▶ WHAT TO PRODUCE: Starting at the top of the data and ending with the line that holds "Fenix AFB-10 - Waterproof", transcribe each line exactly; include both ends.

(Collection entries)
--- --- ---
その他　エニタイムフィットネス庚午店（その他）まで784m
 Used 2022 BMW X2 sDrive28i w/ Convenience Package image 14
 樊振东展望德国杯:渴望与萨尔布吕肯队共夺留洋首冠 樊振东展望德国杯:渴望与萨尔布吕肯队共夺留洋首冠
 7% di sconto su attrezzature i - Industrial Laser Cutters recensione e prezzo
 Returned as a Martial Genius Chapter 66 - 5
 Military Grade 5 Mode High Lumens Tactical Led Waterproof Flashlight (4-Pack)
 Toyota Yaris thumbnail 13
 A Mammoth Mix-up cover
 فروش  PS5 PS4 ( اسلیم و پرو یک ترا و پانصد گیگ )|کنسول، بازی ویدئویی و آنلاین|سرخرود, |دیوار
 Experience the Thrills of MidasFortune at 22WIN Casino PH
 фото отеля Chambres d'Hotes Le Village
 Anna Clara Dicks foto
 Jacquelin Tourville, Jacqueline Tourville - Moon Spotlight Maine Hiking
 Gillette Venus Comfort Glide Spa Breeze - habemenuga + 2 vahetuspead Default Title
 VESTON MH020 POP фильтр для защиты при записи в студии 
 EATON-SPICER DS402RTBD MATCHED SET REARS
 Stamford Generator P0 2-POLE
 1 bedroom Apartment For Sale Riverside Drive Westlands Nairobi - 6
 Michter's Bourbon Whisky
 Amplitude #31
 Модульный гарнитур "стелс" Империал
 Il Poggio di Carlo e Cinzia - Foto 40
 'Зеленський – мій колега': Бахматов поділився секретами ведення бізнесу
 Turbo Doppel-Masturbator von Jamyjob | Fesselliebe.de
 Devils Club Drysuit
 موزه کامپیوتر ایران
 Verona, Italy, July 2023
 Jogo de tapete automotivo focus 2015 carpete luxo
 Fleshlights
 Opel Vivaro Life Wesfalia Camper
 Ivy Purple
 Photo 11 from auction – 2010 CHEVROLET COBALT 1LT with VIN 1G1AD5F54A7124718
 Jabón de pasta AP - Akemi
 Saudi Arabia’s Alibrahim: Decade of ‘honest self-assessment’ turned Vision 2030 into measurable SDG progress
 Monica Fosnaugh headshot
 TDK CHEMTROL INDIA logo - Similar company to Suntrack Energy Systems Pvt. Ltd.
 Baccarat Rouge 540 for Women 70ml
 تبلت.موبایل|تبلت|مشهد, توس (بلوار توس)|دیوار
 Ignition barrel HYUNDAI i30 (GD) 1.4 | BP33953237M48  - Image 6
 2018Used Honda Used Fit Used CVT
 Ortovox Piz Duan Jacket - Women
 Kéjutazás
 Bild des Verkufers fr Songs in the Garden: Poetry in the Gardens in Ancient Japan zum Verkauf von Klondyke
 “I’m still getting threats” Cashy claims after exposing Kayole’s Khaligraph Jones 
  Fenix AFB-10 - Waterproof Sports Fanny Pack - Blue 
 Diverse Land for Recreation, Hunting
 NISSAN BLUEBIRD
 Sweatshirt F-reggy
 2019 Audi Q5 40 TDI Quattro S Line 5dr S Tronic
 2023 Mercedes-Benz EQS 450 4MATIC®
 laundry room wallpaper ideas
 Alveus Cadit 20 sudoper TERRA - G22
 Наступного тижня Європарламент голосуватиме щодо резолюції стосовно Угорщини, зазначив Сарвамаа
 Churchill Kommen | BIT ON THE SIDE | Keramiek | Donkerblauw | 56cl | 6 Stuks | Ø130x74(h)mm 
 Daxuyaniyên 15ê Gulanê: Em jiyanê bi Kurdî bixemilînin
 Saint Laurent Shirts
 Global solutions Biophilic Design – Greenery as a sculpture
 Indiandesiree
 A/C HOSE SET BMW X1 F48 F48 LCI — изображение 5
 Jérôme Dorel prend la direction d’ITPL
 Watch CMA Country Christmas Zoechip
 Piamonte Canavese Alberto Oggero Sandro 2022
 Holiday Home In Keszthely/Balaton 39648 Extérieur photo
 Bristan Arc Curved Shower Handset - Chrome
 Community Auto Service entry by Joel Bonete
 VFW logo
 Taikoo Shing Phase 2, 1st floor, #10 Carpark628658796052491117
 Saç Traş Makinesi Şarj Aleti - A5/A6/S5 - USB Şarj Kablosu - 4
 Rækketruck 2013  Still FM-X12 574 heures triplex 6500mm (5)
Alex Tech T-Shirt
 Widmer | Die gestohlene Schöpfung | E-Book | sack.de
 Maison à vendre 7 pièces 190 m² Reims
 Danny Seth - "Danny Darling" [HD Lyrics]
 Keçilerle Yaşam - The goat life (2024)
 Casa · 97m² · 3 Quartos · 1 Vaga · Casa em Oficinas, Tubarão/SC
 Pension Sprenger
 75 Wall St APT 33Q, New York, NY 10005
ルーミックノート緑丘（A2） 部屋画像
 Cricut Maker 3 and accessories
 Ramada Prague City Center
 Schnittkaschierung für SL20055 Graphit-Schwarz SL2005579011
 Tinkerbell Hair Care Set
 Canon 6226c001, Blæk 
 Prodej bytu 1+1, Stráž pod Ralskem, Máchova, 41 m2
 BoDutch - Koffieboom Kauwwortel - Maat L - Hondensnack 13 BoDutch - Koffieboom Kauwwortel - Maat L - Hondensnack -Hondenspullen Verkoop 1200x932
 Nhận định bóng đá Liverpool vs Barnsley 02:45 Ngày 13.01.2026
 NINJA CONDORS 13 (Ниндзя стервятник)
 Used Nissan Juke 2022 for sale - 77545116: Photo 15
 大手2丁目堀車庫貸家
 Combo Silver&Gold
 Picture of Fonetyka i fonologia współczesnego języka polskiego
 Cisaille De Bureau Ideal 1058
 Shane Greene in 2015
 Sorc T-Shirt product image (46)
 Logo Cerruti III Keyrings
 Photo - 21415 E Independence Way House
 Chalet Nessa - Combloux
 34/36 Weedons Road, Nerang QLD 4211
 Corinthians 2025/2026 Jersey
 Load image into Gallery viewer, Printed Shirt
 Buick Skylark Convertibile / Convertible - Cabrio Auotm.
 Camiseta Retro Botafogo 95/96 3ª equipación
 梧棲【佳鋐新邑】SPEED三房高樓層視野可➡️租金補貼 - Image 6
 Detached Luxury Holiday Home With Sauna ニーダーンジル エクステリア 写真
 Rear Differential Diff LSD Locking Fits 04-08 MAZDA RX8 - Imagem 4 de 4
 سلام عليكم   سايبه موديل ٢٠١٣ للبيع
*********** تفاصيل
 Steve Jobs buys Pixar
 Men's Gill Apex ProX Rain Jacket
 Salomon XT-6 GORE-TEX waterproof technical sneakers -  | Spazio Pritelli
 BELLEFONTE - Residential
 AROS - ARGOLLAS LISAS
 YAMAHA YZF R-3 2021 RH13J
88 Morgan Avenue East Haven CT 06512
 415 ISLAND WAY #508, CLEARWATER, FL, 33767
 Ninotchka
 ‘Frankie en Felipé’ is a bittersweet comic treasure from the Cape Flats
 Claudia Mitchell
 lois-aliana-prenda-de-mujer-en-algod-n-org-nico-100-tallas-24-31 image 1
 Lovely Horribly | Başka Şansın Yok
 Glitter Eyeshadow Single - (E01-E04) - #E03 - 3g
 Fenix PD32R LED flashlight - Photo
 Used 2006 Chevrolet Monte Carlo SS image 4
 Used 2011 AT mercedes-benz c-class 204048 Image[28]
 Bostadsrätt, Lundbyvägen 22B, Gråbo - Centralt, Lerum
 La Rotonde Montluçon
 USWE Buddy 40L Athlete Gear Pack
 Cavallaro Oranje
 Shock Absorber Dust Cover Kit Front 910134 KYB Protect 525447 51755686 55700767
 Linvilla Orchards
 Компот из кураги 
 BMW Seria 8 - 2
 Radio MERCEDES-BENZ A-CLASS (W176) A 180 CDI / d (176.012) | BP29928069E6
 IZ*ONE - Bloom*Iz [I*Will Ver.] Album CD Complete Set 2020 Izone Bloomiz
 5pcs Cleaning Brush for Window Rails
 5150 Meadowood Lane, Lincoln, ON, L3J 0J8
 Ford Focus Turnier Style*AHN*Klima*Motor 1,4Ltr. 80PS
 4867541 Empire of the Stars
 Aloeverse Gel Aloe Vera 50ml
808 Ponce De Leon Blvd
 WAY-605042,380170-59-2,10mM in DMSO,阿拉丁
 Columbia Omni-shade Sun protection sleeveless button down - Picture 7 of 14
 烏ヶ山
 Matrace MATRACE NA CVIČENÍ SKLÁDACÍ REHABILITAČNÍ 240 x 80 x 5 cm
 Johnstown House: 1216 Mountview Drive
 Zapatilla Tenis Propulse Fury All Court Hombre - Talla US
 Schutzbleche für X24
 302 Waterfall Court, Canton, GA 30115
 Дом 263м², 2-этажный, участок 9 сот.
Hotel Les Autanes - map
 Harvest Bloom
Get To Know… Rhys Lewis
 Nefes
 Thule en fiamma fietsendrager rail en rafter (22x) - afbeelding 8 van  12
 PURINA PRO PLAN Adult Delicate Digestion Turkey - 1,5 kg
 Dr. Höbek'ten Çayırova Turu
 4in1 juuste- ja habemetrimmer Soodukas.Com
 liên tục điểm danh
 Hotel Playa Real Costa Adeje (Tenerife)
--- --- ---
▶ EXPECTED ANSWER:
その他　エニタイムフィットネス庚午店（その他）まで784m
 Used 2022 BMW X2 sDrive28i w/ Convenience Package image 14
 樊振东展望德国杯:渴望与萨尔布吕肯队共夺留洋首冠 樊振东展望德国杯:渴望与萨尔布吕肯队共夺留洋首冠
 7% di sconto su attrezzature i - Industrial Laser Cutters recensione e prezzo
 Returned as a Martial Genius Chapter 66 - 5
 Military Grade 5 Mode High Lumens Tactical Led Waterproof Flashlight (4-Pack)
 Toyota Yaris thumbnail 13
 A Mammoth Mix-up cover
 فروش  PS5 PS4 ( اسلیم و پرو یک ترا و پانصد گیگ )|کنسول، بازی ویدئویی و آنلاین|سرخرود, |دیوار
 Experience the Thrills of MidasFortune at 22WIN Casino PH
 фото отеля Chambres d'Hotes Le Village
 Anna Clara Dicks foto
 Jacquelin Tourville, Jacqueline Tourville - Moon Spotlight Maine Hiking
 Gillette Venus Comfort Glide Spa Breeze - habemenuga + 2 vahetuspead Default Title
 VESTON MH020 POP фильтр для защиты при записи в студии 
 EATON-SPICER DS402RTBD MATCHED SET REARS
 Stamford Generator P0 2-POLE
 1 bedroom Apartment For Sale Riverside Drive Westlands Nairobi - 6
 Michter's Bourbon Whisky
 Amplitude #31
 Модульный гарнитур "стелс" Империал
 Il Poggio di Carlo e Cinzia - Foto 40
 'Зеленський – мій колега': Бахматов поділився секретами ведення бізнесу
 Turbo Doppel-Masturbator von Jamyjob | Fesselliebe.de
 Devils Club Drysuit
 موزه کامپیوتر ایران
 Verona, Italy, July 2023
 Jogo de tapete automotivo focus 2015 carpete luxo
 Fleshlights
 Opel Vivaro Life Wesfalia Camper
 Ivy Purple
 Photo 11 from auction – 2010 CHEVROLET COBALT 1LT with VIN 1G1AD5F54A7124718
 Jabón de pasta AP - Akemi
 Saudi Arabia’s Alibrahim: Decade of ‘honest self-assessment’ turned Vision 2030 into measurable SDG progress
 Monica Fosnaugh headshot
 TDK CHEMTROL INDIA logo - Similar company to Suntrack Energy Systems Pvt. Ltd.
 Baccarat Rouge 540 for Women 70ml
 تبلت.موبایل|تبلت|مشهد, توس (بلوار توس)|دیوار
 Ignition barrel HYUNDAI i30 (GD) 1.4 | BP33953237M48  - Image 6
 2018Used Honda Used Fit Used CVT
 Ortovox Piz Duan Jacket - Women
 Kéjutazás
 Bild des Verkufers fr Songs in the Garden: Poetry in the Gardens in Ancient Japan zum Verkauf von Klondyke
 “I’m still getting threats” Cashy claims after exposing Kayole’s Khaligraph Jones 
  Fenix AFB-10 - Waterproof Sports Fanny Pack - Blue 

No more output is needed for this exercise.